SUPPLIED RECORDS ->
══════

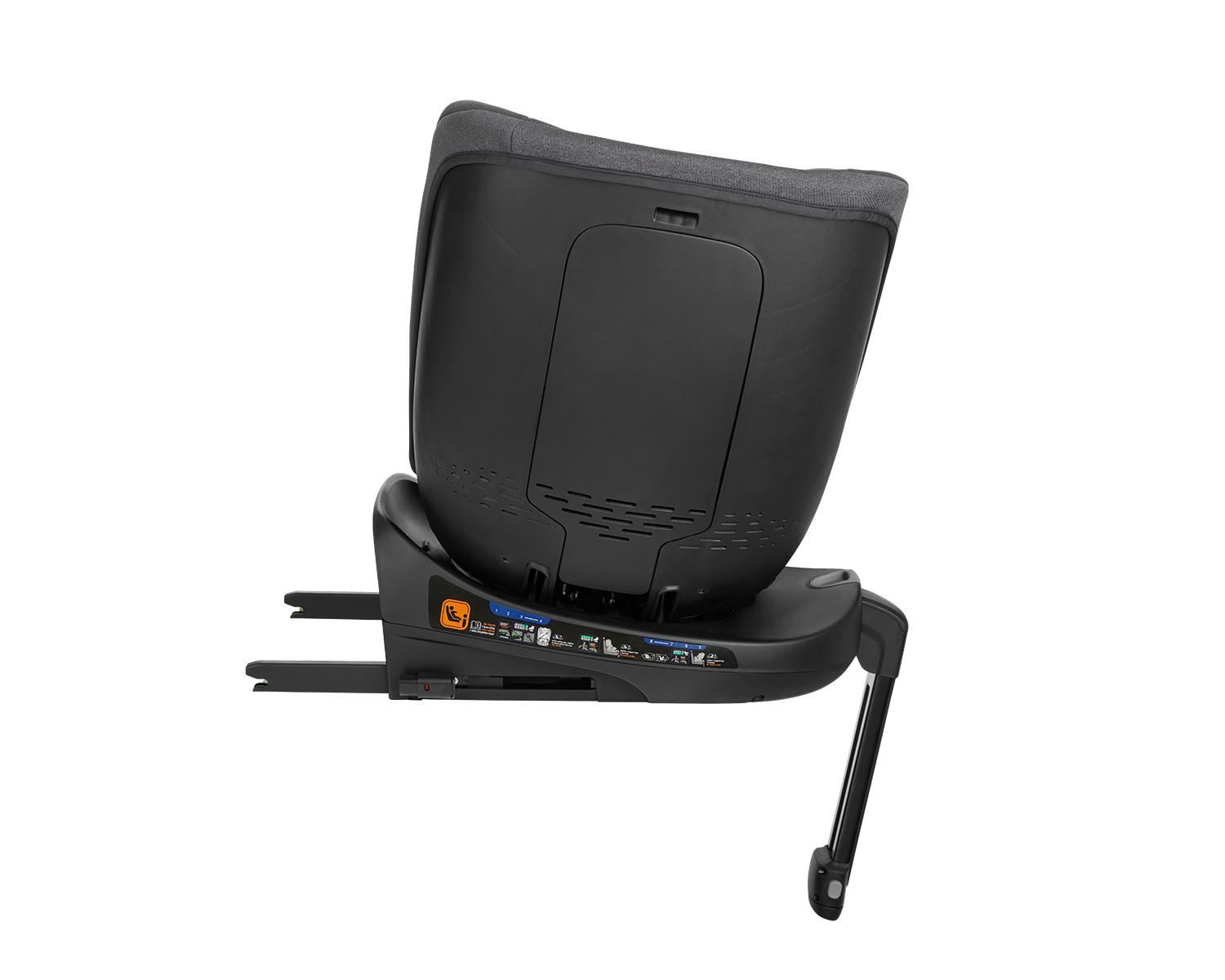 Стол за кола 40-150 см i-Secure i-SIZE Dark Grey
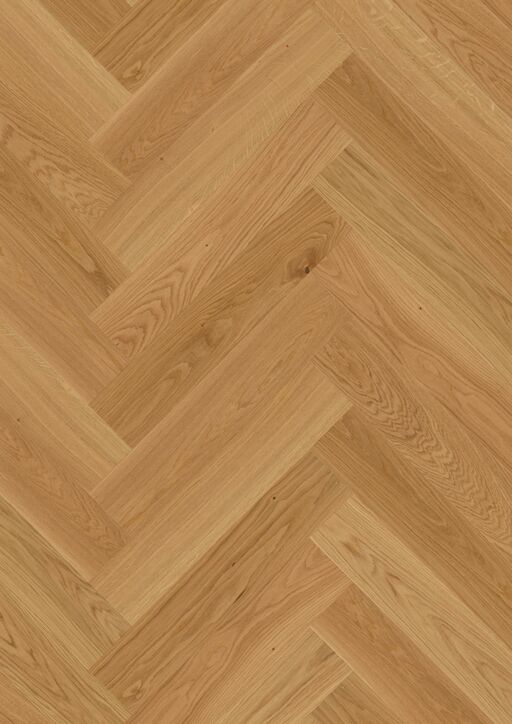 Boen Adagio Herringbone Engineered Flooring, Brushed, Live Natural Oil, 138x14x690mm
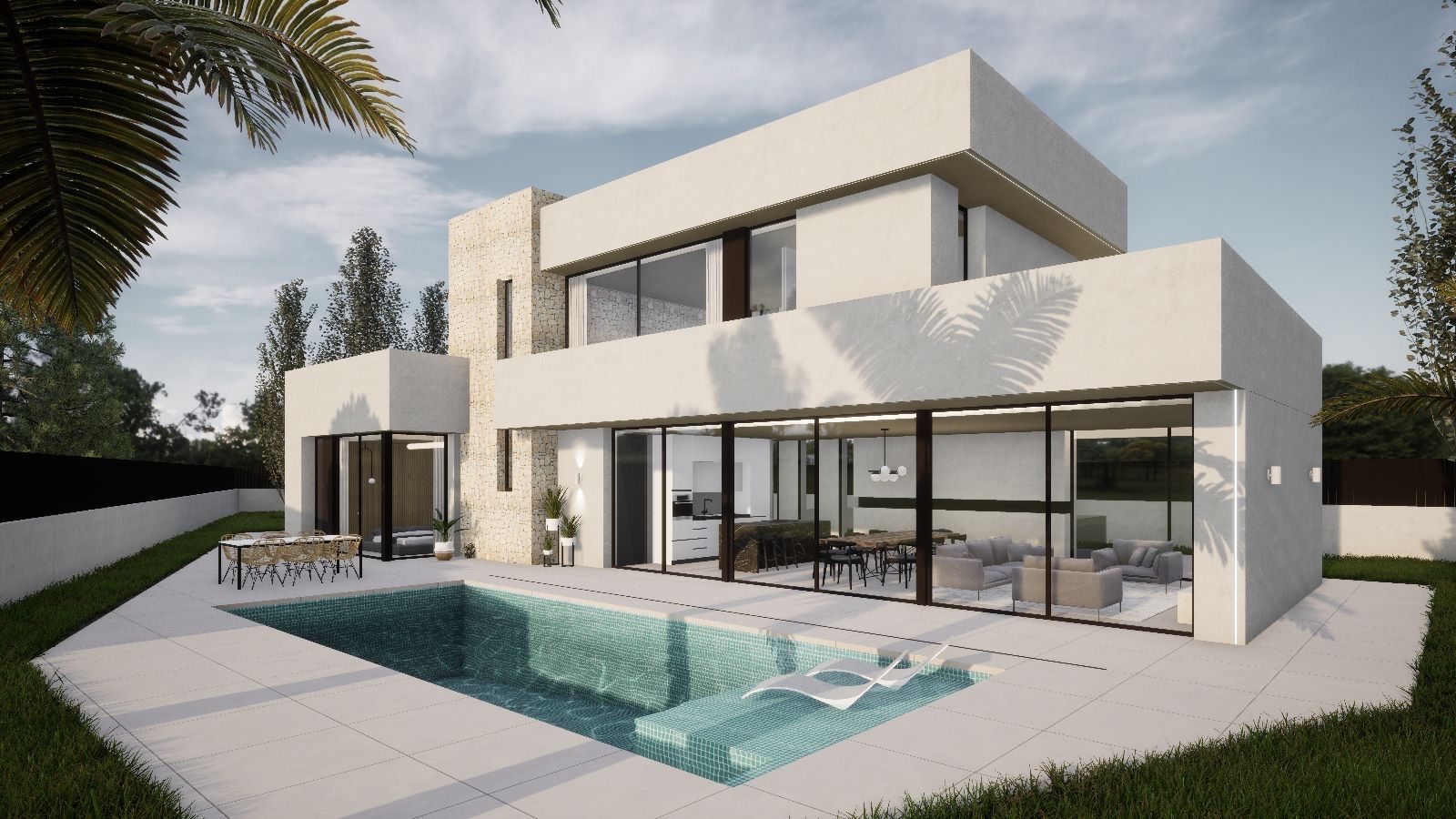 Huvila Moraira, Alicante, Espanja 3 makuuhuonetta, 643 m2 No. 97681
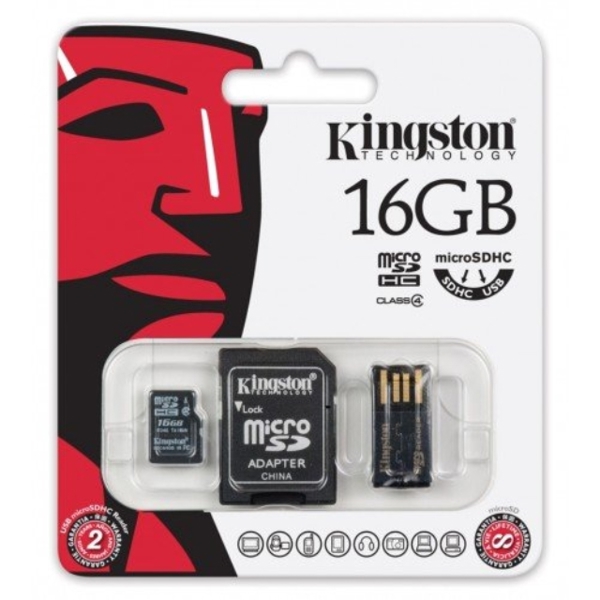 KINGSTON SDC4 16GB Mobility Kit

══════

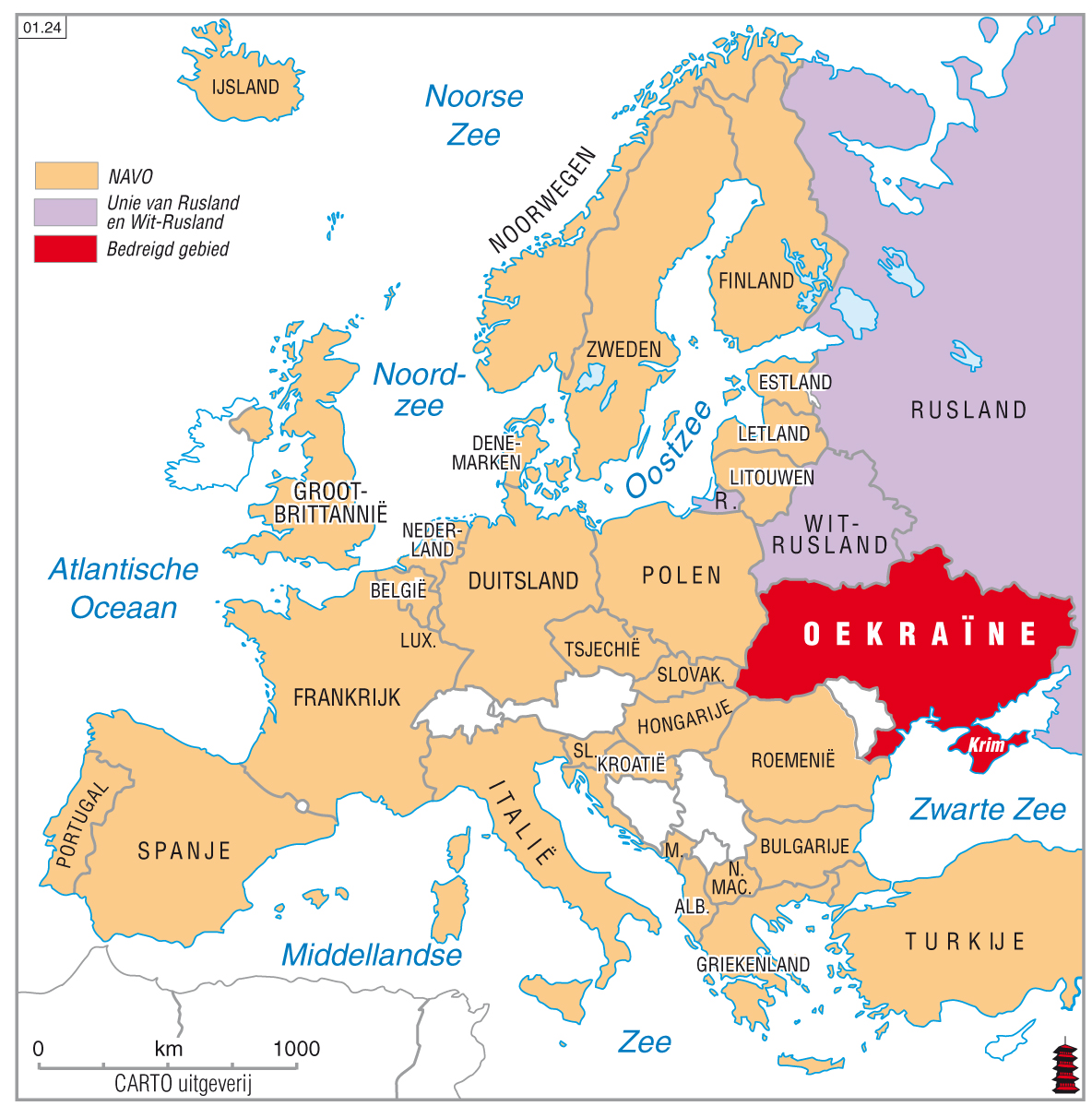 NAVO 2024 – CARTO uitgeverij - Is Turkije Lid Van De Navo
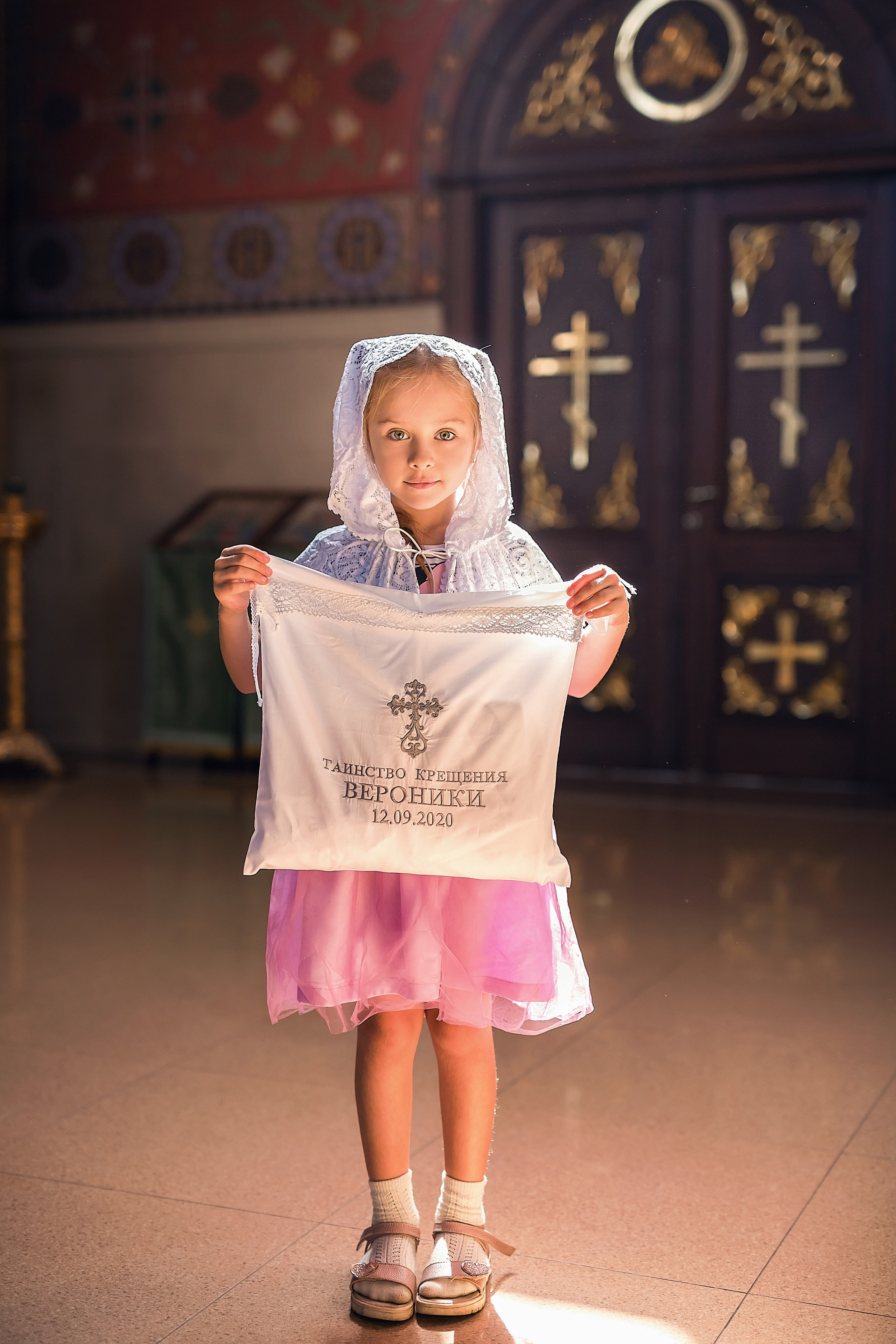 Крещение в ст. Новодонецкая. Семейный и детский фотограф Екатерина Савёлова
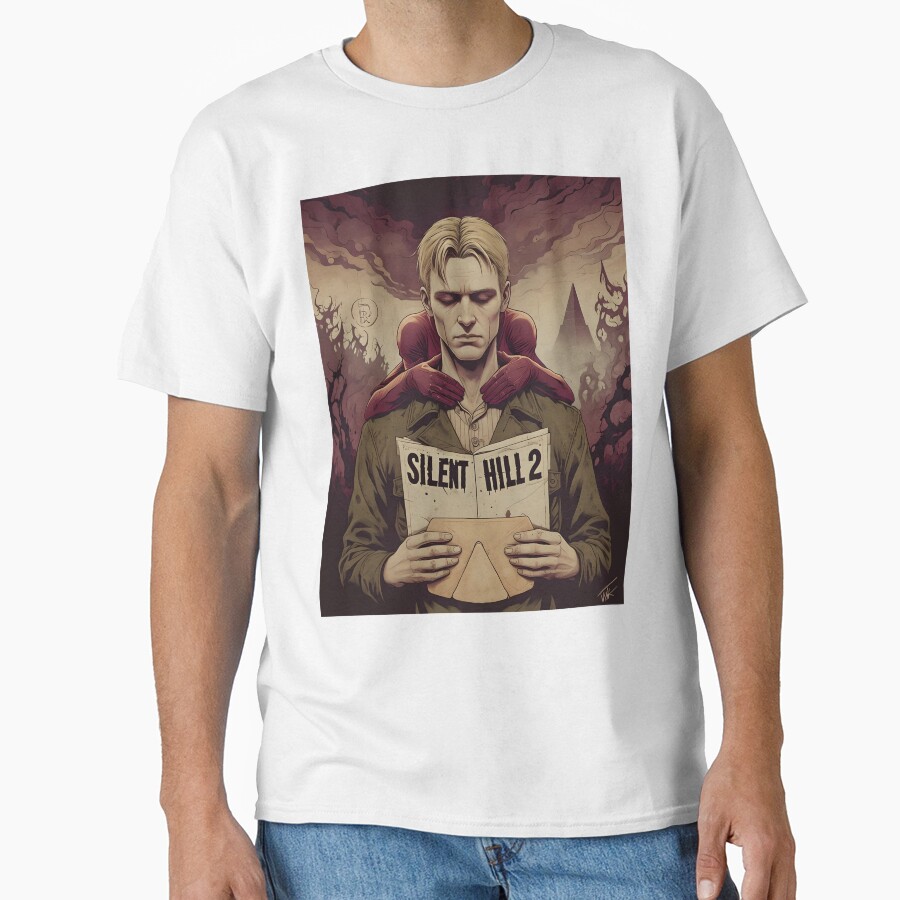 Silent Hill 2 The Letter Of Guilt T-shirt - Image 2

══════

EXERCISE DESCRIPTION -> From the records above, copy only the lines running from the line holding "NAVO 2024 –" through the line holding "Silent Hill 2", with no pictures.

RESPONSE TO THIS EXERCISE ->
 NAVO 2024 – CARTO uitgeverij - Is Turkije Lid Van De Navo
 Крещение в ст. Новодонецкая. Семейный и детский фотограф Екатерина Савёлова
 Silent Hill 2 The Letter Of Guilt T-shirt - Image 2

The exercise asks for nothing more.